TASK PROMPT
Your task is to copy the stretch of lines in the records below that begins with the line containing "-全牛匠·乐山跷脚牛肉(西北旺万象汇店)" and ends with the line containing "Watch BattleBots Season", exactly as written, with nothing added.
=== RECORDED INFORMATION ===
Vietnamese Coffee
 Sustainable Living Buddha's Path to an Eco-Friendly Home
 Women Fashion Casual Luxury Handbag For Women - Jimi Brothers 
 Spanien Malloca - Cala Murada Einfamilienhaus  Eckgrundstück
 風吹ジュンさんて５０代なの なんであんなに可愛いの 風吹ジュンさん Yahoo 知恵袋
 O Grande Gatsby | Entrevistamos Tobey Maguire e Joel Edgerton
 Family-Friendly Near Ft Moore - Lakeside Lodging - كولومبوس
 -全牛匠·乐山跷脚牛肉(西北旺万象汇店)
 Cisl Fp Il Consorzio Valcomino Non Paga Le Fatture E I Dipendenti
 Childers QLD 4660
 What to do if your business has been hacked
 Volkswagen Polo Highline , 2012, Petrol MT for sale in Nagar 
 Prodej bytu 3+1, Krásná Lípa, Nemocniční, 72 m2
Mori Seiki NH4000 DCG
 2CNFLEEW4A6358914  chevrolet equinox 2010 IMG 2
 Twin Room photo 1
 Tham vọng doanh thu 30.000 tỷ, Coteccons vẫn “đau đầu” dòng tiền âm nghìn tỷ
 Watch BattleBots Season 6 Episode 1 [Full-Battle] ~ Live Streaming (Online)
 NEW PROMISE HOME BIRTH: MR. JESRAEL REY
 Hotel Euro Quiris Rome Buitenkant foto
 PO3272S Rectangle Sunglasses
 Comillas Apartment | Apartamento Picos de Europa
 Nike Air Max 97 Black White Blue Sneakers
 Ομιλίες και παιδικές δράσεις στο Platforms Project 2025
===
YOUR RESPONSE
 -全牛匠·乐山跷脚牛肉(西北旺万象汇店)
 Cisl Fp Il Consorzio Valcomino Non Paga Le Fatture E I Dipendenti
 Childers QLD 4660
 What to do if your business has been hacked
 Volkswagen Polo Highline , 2012, Petrol MT for sale in Nagar 
 Prodej bytu 3+1, Krásná Lípa, Nemocniční, 72 m2
Mori Seiki NH4000 DCG
 2CNFLEEW4A6358914  chevrolet equinox 2010 IMG 2
 Twin Room photo 1
 Tham vọng doanh thu 30.000 tỷ, Coteccons vẫn “đau đầu” dòng tiền âm nghìn tỷ
 Watch BattleBots Season 6 Episode 1 [Full-Battle] ~ Live Streaming (Online)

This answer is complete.